I've actually had this T&E holster for quite some time now. I requested and received one for my Glock 19 (a 2nd gen gun) and didn't take to it right away. At first the holster seemed bulky, difficult to draw from and, in general, way too new in concept for me to appreciate. Then I talked to Tony Blauer of Blauer Systems & SPEAR fame and his enthusiasm about the holster led me to open my eyes a little bit and give it another chance. I still can't say this is my favorite holster, but I've at least gotten to the point where I have to give it am impartial look.
One of my first "grievances" with this pistol is that I perceived it as a Level I holster. For those of you not familiar:
- Level I: ONE form of retention. Usually this is a thumb strap that snaps.
- Level II: TWO forms of retention. Most often this is a thumb strap that snaps and a screw that tightens the holster onto the pistol. In other words, it adjusts how snug the holster fits the gun. The more snug it is, the more pull is required to get the gun out.
- Level III: THREE forms of retention. In most cases this includes the thumb strap, the tension screw and an internal hook that grasps the trigger guard. The internal hook is usually spring-loaded, so that it defaults to HOLDING the trigger guard, requiring the law enforcement professional to deactivate it--along with unsnapping the strap--to draw the weapon. Deactivating the trigger guard hook might mean turning the weapon or it might mean pushing a lever.
Under none of those options is gravity a retention device. If it were, then water would be held securely in a bucket.
So, here's the Tactical Design Labs (TDL) Real Performance Duty Holster (RPDH): the retention device is a spring-loaded hook that locks into the pistol's ejection port. That's the ONLY retention device that I can find. There is no tension screw. There is no thumb strap. To my way of thinking that makes it a Level I holster--albeit an awfully secure one.
Here's my second mental block about the holster: It's BULKY. In the picture above you can see the difference in thickness between the TDL RPDH and a leading competitor product. That's a six inch ruler used for comparison.
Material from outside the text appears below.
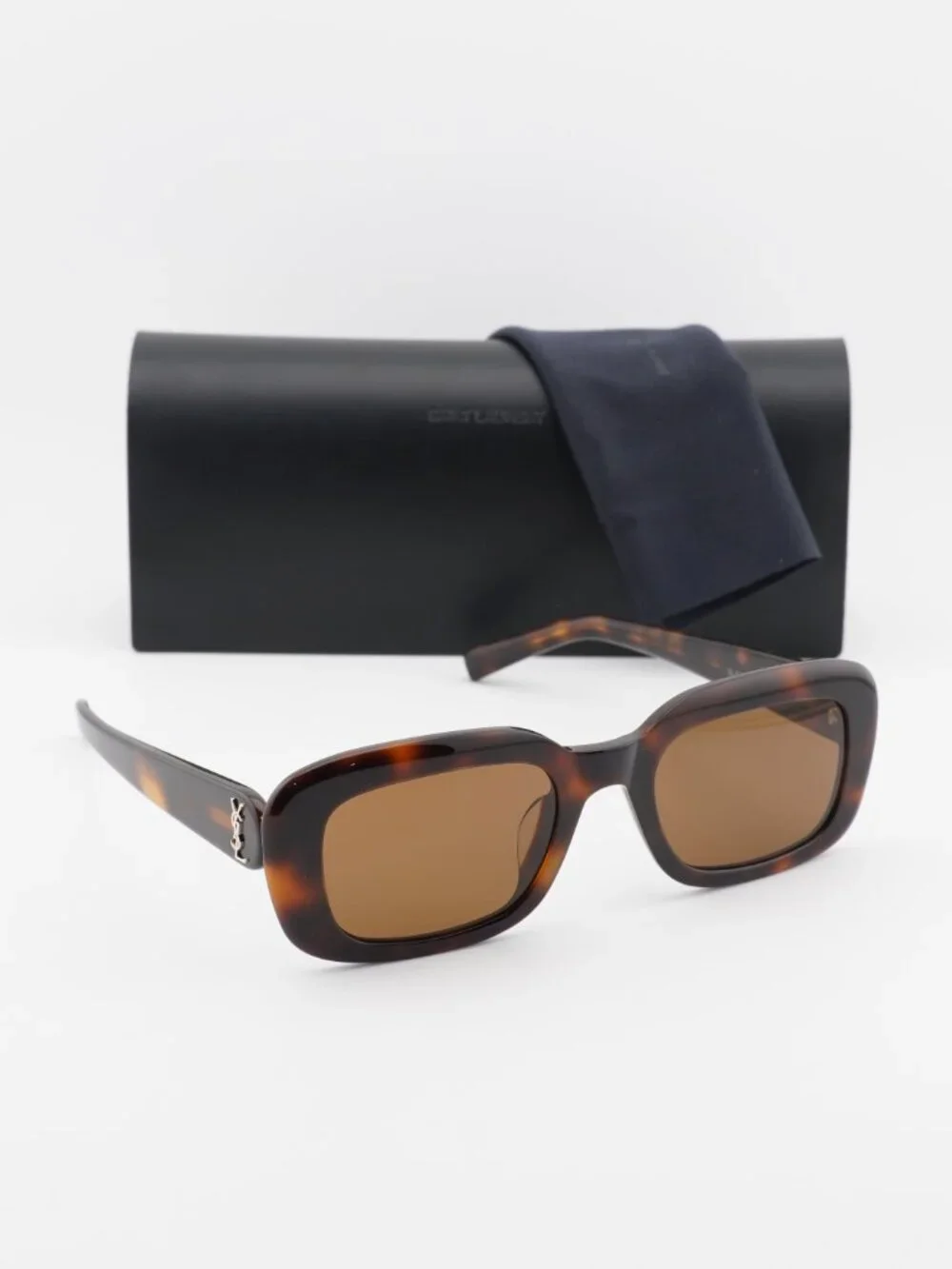 Saint Laurent SLM130/F 004 Rectangle Sunglasses - Havana/Brown - Picture 5 of 11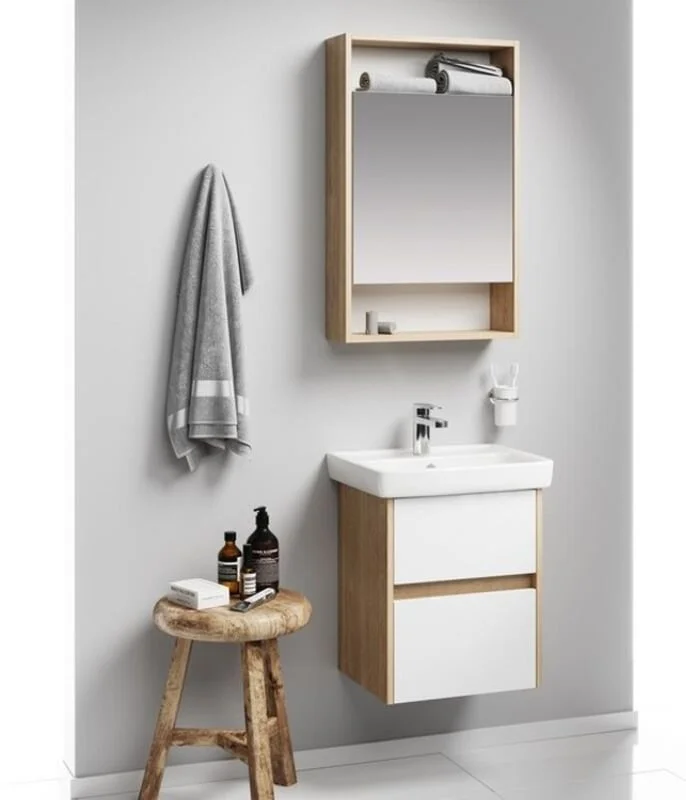 Шкаф с зеркалом Aqwella Сити 50 дуб балтийский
In both pictures the ruler was pushed against my hip directly behind the holster mount where the trigger guard of the pistol sits. In this case, my T&E holster was for my Glock 19. The competitor holster is about three inches while the TDL RPDH is about 4.5 inches. That may not seem like a big difference, but it's quite noticeable to me and feels like it's sticking out awfully far. For the record, that's a Level III competitor holster.
My final challenge to overcome in accepting this holster was that it takes positive pressure pushing the pistol IN to the holster to release the locking device and then draw the weapon. Now I'm familiar with other holsters that require NO PULLING FORCE for the internal lock to be released, but the TDL RPDH is the only holster I know of that you have to PUSH the gun INTO the holster to get it unlocked and out. That requirement to push it in to unlock it is exactly what makes the holster so secure though. No bad guy who is going to take your gun is going to think about pushing it IN to get it out. The challenge I faced was in believing that cops under stress, needing their guns out in a hurry, would ever be cognizant enough to push the gun in to get it out.
As shown in the photo to the right, the lock release mechanism is inside a covered safe area so that it can't be bumped off accidentally. Unless the gun is pushed into the holster then pressure against the release lever wouldn't unlock the holster anyway. I'm not entirely sure the covered safety area is necessary, but better safe than sorry. In looking at that picture I make two more observations:
- I'd love to have a bad guy get his finger stuck in there as he tried to take my gun. That's a broken finger waiting to happen.
- The same thing could apply to the officer wearing the gun.